Every year, someone asks the relevent question, "How on Earth did a custom of hunting for dyed hard-boiled eggs left by a rabbit develop anyway?" And I have never been able to answer this question. I'm aware that the word 'Easter' in English derives from the Anglo-Saxon fertility goddess Eostre, and that rabbits and eggs were both symbols of fecundity in pre-Christian Europe, but still, rabbits that laid brightly colored eggs seem like a long stretch.
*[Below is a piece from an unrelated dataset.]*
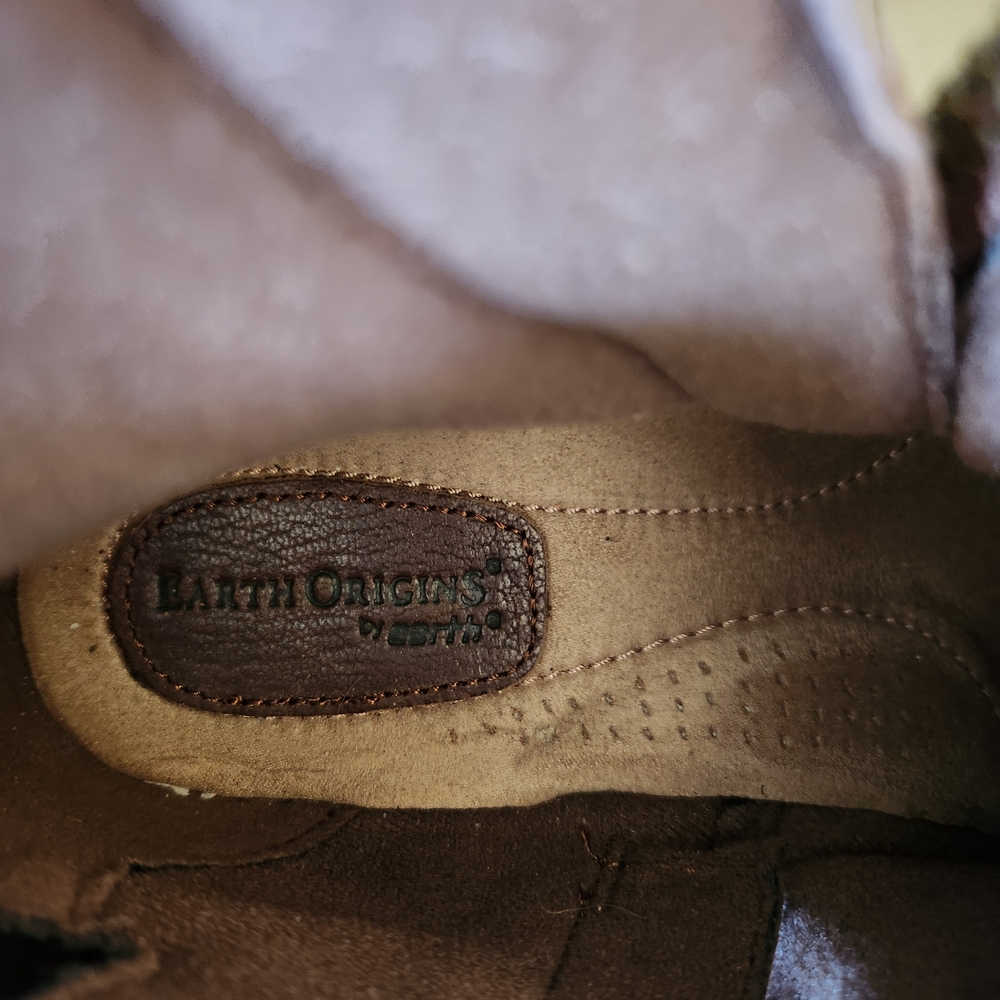 Earth Origins Leather in Rich Brown and Soft Tan Trimmed In Dark Brown Suede. - Picture 7 of 8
So, God bless Google, I've done some hunting this year. Per InfoPlease, I've got a few interesting details:
First, Lent. I hadn't made this connection, but since eggs were considered meat during Lent in medieval times, eggs laid during this time were boiled or otherwise preserved, and served in quantities at Easter, as soon as they could be eaten. (Note: during the Middle Ages, the Lent fast from meat was ALL of Lent, not just Fridays, and what they reckoned as meat was pretty all-inclusive.)
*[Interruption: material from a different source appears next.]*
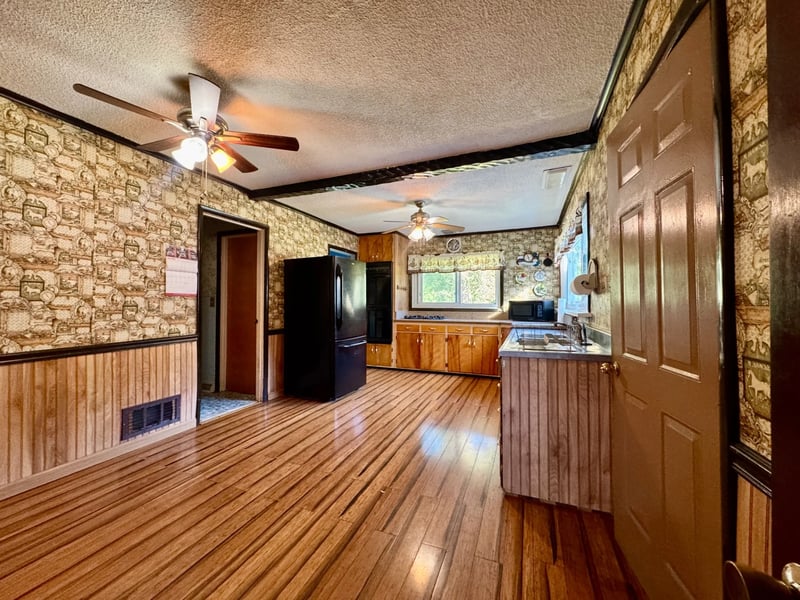 Kitchen, main view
Decorating eggs for the Easter holiday in a variety of ways seems to be a tradition spread across Europe throughout the Middle Ages. Apparently it was the Germans, though, who developed a tradition of the 'Easter hare', who hid eggs for children to find, and brought the custom of the Easter egg hunt to America. They may have also developed the chocolate egg.
Per homecooking.com, in some parts of Europe, children go door-to-door, Halloween style, to ask for Easter eggs.
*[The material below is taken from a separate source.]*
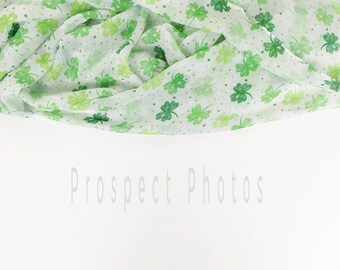 Download Free St. Patrick's Day Styled Stock photo| Irish Shamrock Clovers Styled Stock Photography| St. Patty's Day Instagram photos | Product mockup PSD Template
OK, but I'm still asking myself, why would a rabbit, or a hare, be interested in bringing small children hard-boiled eggs? Checking with Wikipedia, I get this:
The idea of an egg-laying bunny came to the United States in the 18th century. German immigrants in the Pennsylvania Dutch area told their children about the "Osterhas," sometimes spelled "Oschter Haws." "Hase" means "hare," not rabbit, and in Northwest European folklore the "Easter Bunny" indeed is a hare, not a rabbit. According to the legend, only good children received gifts of colored eggs in the nests that they made in their caps and bonnets before Easter.[4] In 1883, Jakob Grimm wrote of long-standing similar myths in Germany itself. Noting many related landmarks and customs, Grimm suggested that these derived from legends of Ostara.[5]
The German and Amish legends were most likely rooted in European folklore about hares' eggs [6] which seems to have been a confusion between hares raising their young at ground level and the finding of plovers' nests nearby, abandoned by the adult birds to distract predators. Hares use a hollow called a form rather than a burrow. Lapwings nest on the same sort of ground, and their nests look very similar to hare forms. So in the Spring, eggs would be found in what looked like hare forms, giving rise to the belief that the hare laid eggs in the spring.[7]
OK. For a really charming children's version of all of this, may I recommend The Country Bunny, and the Little Gold Shoes?